• [Supplied data]
####
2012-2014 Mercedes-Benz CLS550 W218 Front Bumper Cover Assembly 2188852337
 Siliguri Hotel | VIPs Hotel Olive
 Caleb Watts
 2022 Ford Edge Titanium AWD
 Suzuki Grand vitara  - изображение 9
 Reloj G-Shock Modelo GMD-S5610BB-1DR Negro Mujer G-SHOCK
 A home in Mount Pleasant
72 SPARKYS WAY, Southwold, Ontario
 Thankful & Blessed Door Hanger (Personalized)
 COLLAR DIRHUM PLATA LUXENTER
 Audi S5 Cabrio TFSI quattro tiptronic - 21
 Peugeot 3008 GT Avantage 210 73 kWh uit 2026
####
• [Task details]
Output every record exactly as written, with nothing dropped.

• [Answer]
2012-2014 Mercedes-Benz CLS550 W218 Front Bumper Cover Assembly 2188852337
 Siliguri Hotel | VIPs Hotel Olive
 Caleb Watts
 2022 Ford Edge Titanium AWD
 Suzuki Grand vitara  - изображение 9
 Reloj G-Shock Modelo GMD-S5610BB-1DR Negro Mujer G-SHOCK
 A home in Mount Pleasant
72 SPARKYS WAY, Southwold, Ontario
 Thankful & Blessed Door Hanger (Personalized)
 COLLAR DIRHUM PLATA LUXENTER
 Audi S5 Cabrio TFSI quattro tiptronic - 21
 Peugeot 3008 GT Avantage 210 73 kWh uit 2026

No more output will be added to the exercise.